The stock market fell on Thursday as investors digested the weak economic data from China and Germany.
The bellwether Philippine Stock Exchange index dropped to as low as 7,624 in intraday trading before closing at 7,828.86, 0.38 percent or 29.79 points lower than Wednesday’s 7,858.65. The wider All Shares dropped by 0.47 percent or 22.57 points to end at 4,746.35.
“Local shares opened sharply lower, before finishing just 30 points down as weak economic data from China [and] GDP (gross domestic product) contraction in Germany,” Regina Capital Development Corp. head of sales Luis Limlingan said.
China’s economy showed further signs of strain in July, with industrial output falling to 4.8 percent in the month from 6.3 percent in June — its lowest level in 17 years — while investment and retail sales also slowed.
These figures are the latest highlighting how the world’s second-largest economy is being battered by an escalating trade war with the United States and weak global demand.
Trade tensions between Washington and Beijing — which began more than a year ago, when US President Donald Trump publicly accused China of engaging in unfair trade practices — saw the two imposing tit-for-tat tariffs worth billions of dollars on each others’ goods.
Negotiations between the two sides to resolve the tensions stalled in May. Trump and his Chinese counterpart Xi Jinping agreed to a truce during a Group of 20 meeting in Osaka, Japan, in late June. American and Chinese trade negotiators met in late July with little progress made.
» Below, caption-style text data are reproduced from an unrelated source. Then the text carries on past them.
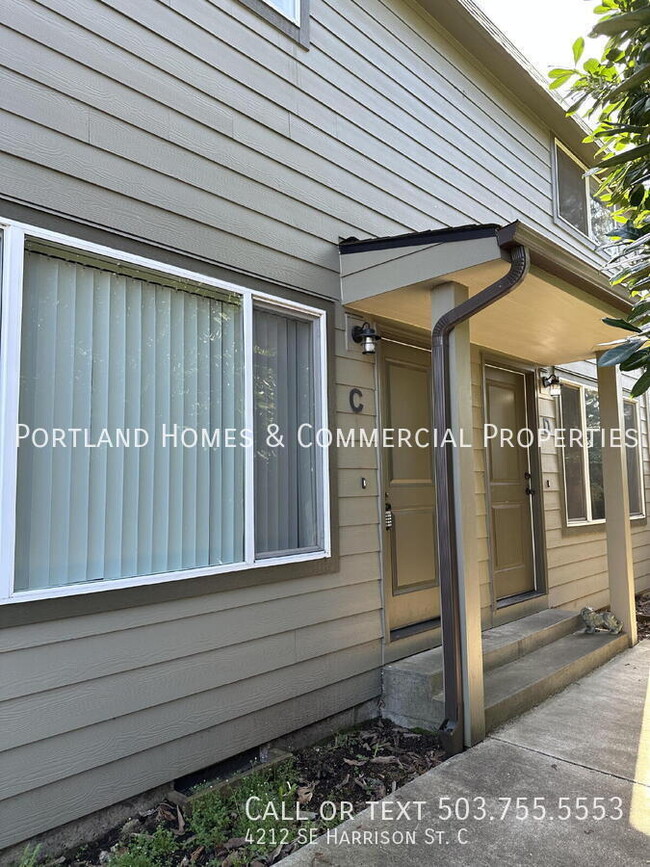 Building Photo - 4212 SE Harrison St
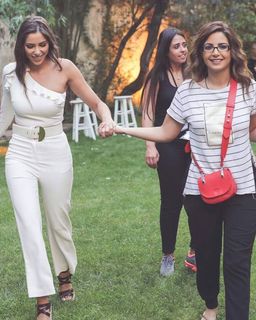 Daniella Rahme feet photo thumbnail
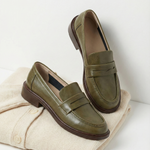 Dame loafers med pennyrem, rund tå og lav hæl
Early this month, Trump announced new tariffs after alleging that China had reneged on its promise to buy US agricultural goods.
Beijing suspended these purchases in response, and saw its currency weaken — a move the US government said was deliberate.
Meanwhile, Germany’s economy contracted in the second quarter, highlighting its vulnerability to trade tensions and stoking debate on higher government spending.
Its shrinkage of 0.1 percent meant the economy lost significant momentum, compared with the 0.4-percent growth seen from January to March.
“The global market sentiment continues to deteriorate, and we are seeing the effects all over the world. Foreign investors continue to flee our market, while local investors are doing their best from keeping it from a total meltdown,” AAA Equities head of research Christoper Mangun said, pegging the support level at 7,750.
US markets were down, with the Dow Jones recording the deepest drop at 3.05 percent, followed by Nasdaq and S&P 500 at 3.02 percent and 2.93 percent, respectively.
Asian markets were mixed. Shanghai, Hong Kong and Seoul went up by 0.25 percent, 0.67 percent and 0.65 percent respectively. In contrast, Tokyo, Jakarta, Singapore and Thailand dropped by 1.21 percent, 0.72 percent, 1.37 percent and 0.68 percent, respectively. (See related story on B4)
In Manila, holding firms rose by 0.63 percent, bucking all the sectors that nearly ended in a bloodbath.
Volume turnover reached 789 million, amounting to P11.81 billion.
Losers led winners, 149-54, while 42 issues were unchanged.